George Town, Penang, Malaysia
Captain Francis Light once fired a blast of silver coins into the Penang scrub to motivate his workers to clear the land. It worked and the island (off north-west Malaysia) soon became a British East India Company trading post. The colonials are long gone – a kiss-off from Noel Coward described their Malaya as "a first-rate country for second-rate people" – but history lives on in Penang's capital, George Town. With its Chinese, Indian and Malay heritage, the UNESCO-listed town is rich with colonnaded shophouses, temples and bazaars. For starters, see Little India, the Eastern & Oriental Hotel and the Khoo Kongsi clan house, and then quench your thirst at the Tan family's Hong Kong Bar on Chulia Street, as generations of travellers and Australian servicemen before you have done.
See tourismpenang.net.my.
Luang Prabang, Laos
The mighty Mekong runs through it but just decades ago Luang Prabang still slumbered between the age of the rickshaw and a Cold War communist hangover. This former capital of the Lao royals received World Heritage protection in 1998, in time to head off the dubious "progress" that mass tourism and fast bucks otherwise might have wreaked upon it. The town is encrusted with more than 30 golden temples and marigold-robed Buddhist monks still drift through its streets at dawn, but these days they also pass boutique hotels, cafes and good restaurants housed in refurbished French colonial buildings. Hike up Phu Si ("Sacred Hill") at sunset to see the roofs of temples, like 450-year-old Wat Xieng Thong, glittering against the Mekong tides.
See tourismlaos.org.
Phuket Town, Thailand
In the 1970s Phuket Island was a boondock Thai province of tapioca farms and worked-out tin quarries. Since then the country's largest island has boomed as a mecca for more than 12 million annual visitors, with its west coast beaches now overshadowing the traditional east coast capital, Phuket Town. The old town's restored shophouses and Sino-Portuguese mansions tell their own story, of a time when tin and trading were king here rather than sunburn, resorts and beer bars. Old Phuket Town has been aptly described as "a casserole of cultures with a very Thai taste". To sample them, just stroll Yaowarat and Dibuk roads, now alive with cafes, art galleries and Hokkien food delicacies. Sticky-beak through imposing fences at 19th century mansions, or visit the open ones such as beautiful Baan Chinpracha and Thai Hua Museum (both on Krabi Road) or the nearby Blue Elephant Restaurant in the former Governor's mansion.
Yangon, Myanmar
"It is the fairest place, as I suppose, that is in the world," wrote an English traveller in 1586 when he first saw the grand, golden spindle of Yangon's Shwedagon Pagoda. The aura of Burmese Buddhism's equivalent of Fort Knox hasn't faded one lumen but there is much more to Myanmar's capital than its celebrated, 99-metre, diamond-tipped stupa. Downtown Yangon-Rangoon still has swathes of gloriously decrepit colonial architecture, much of it tragically left to decay by xenophobe generals, although several gems are now being re-booted as fine hotels. Rudyard Kipling, author of the famous poem Mandalay, is much evoked here at the likes of the Governor's Residence hotel's Kipling Bar and the Strand Hotel (where he possibly never stayed), even though his stay in Rangoon was "countable by hours". Similarly he neither sailed the Irrawaddy nor visited Mandalay. Do we mind?
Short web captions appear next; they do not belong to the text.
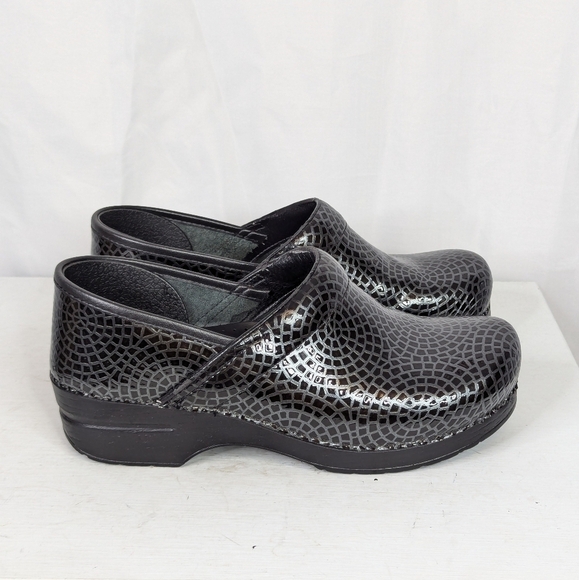 Dansko Grey Black Patent Tooled Geometric Mosaic Leather Professional Clogs - Picture 4 of 7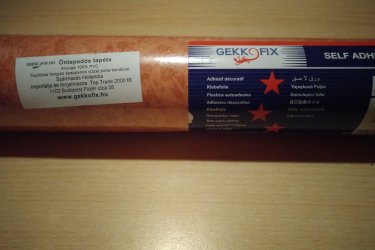 Barnás-Pirosos bontatlan tapéta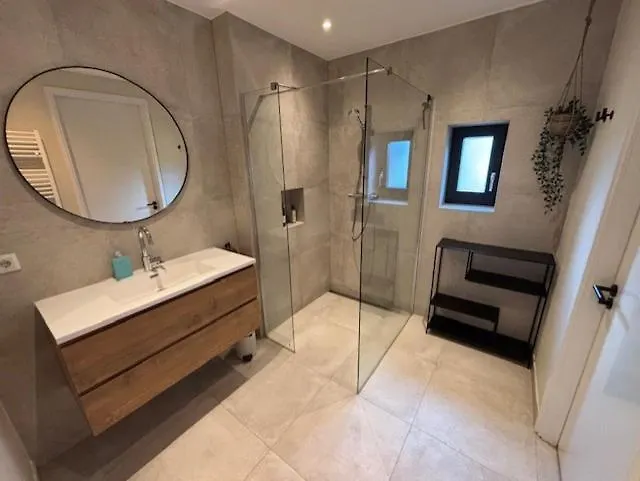 The Oyster House With Private Parking Апартаменты *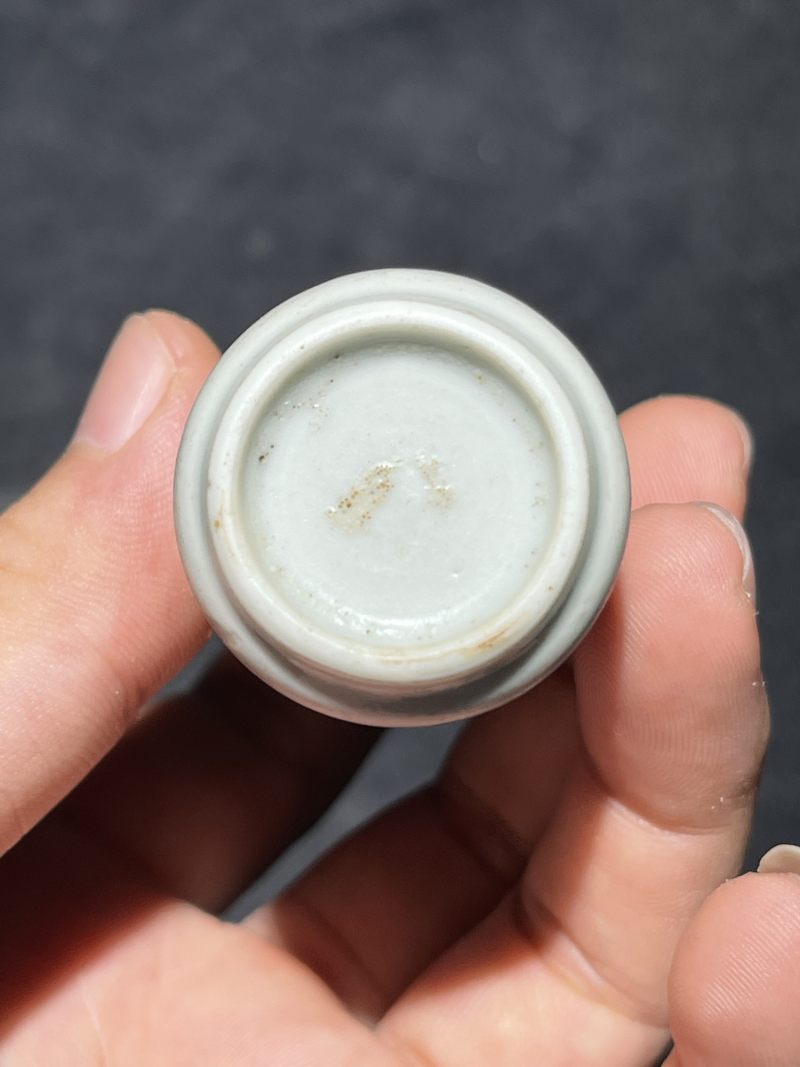 清乾隆 青花釉里红苍龙教子纹鼻烟壶 - 图6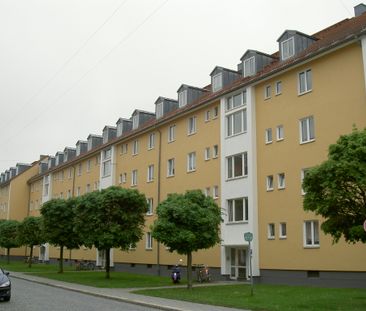 Helle 1,5-Zimmer-Wohnung im Dachgeschoss - Foto 1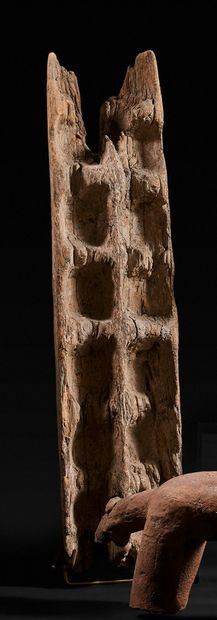 Game of awele in wood extremely ravined.

Dogon....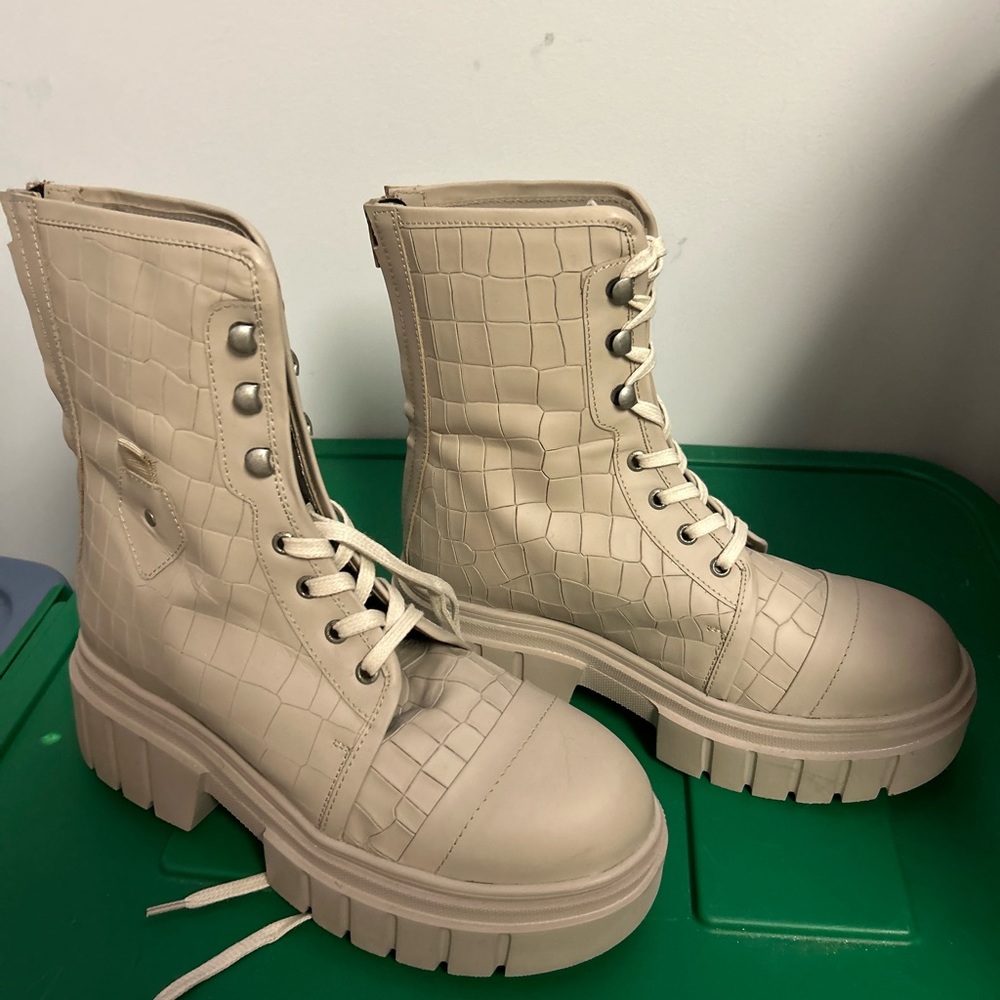 NWOT Tan croc pattern platform combat boots size 40. Sheridan Mia.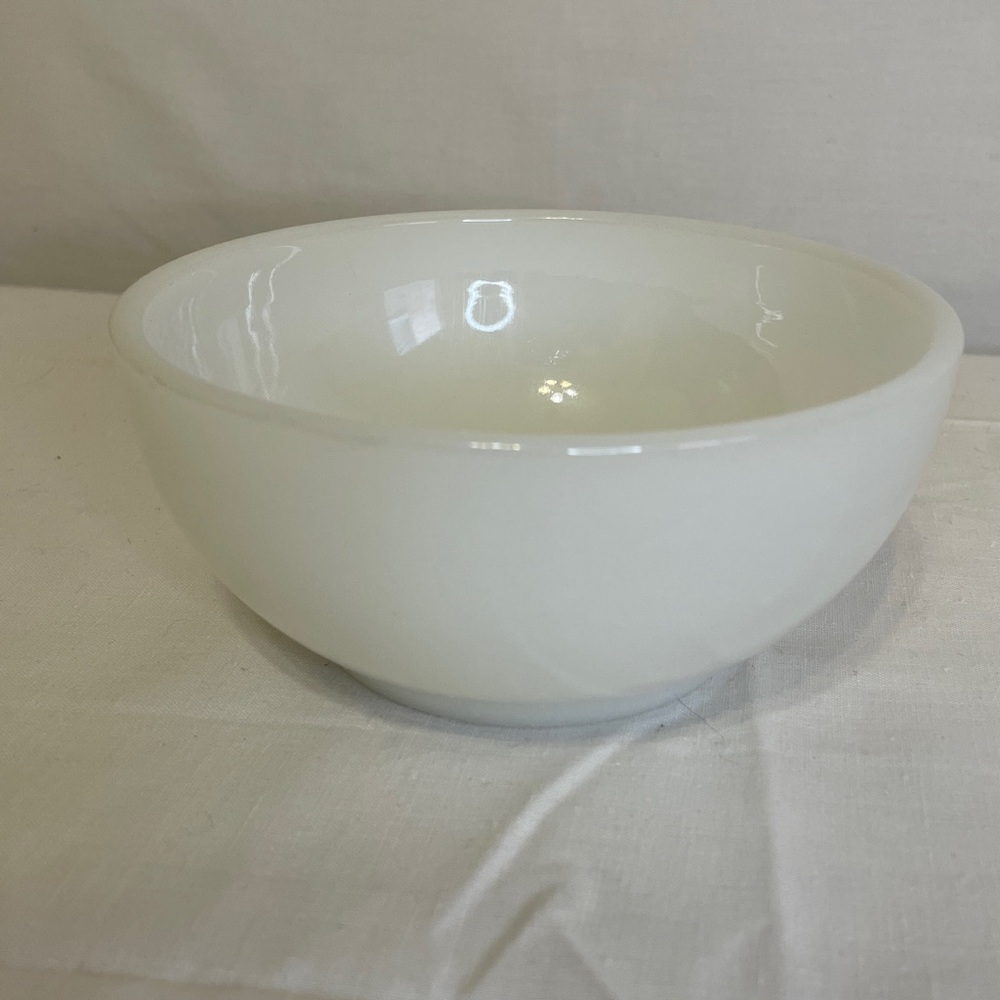 Vintage Milk Glass CURRIER & IVES Bowl - Picture 3 of 6
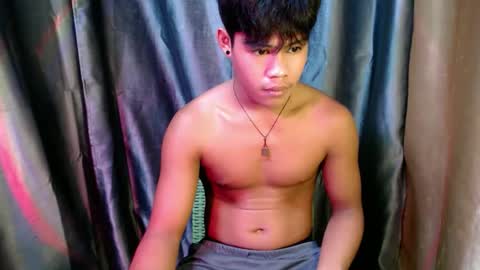 pinoy_shyboy69 online show from April 27, 2026, 2:31 am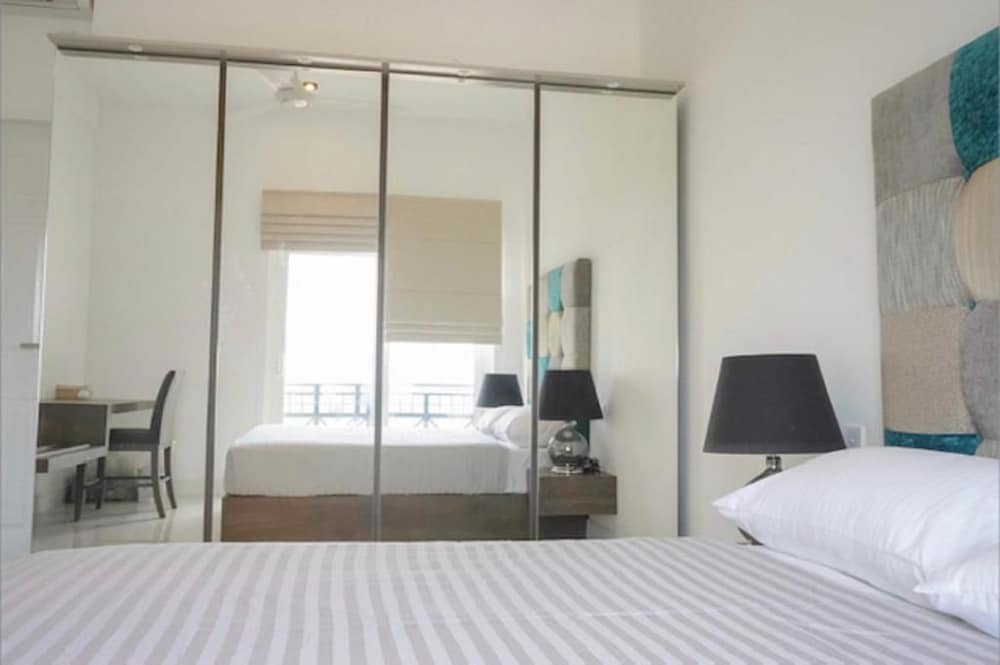 De Saram Residencies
Kuching, Sarawak, East Malaysia
The three Rajah Brookes, the "White Rajahs of Borneo", held sway in Sarawak from 1841 to 1946 as the only resident European dynasty ever to rule in Asia. They dotted their capital, Kuching, with architectural eccentricities like the Round Tower, the Square Tower and the Pavilion. Start walking and you soon find them, as well as Kuek Seng Ong temple and the elegant Court House complex built by the second Rajah, Sir Charles Brooke. Across the river, The Astana, a pocket palace constructed by Sir Charles for his new Ranee, is today the official residence of the Governor of Sarawak. Meanwhile, the Kuching Muzium displays a 20-centimetre hairball that was found inside a Borneo rhino with a human dental plate embedded in it. Nothing is known of the denture's owner (or loser), who presumably became extinct at around the same time as Borneo's rhinos and its Rajahs.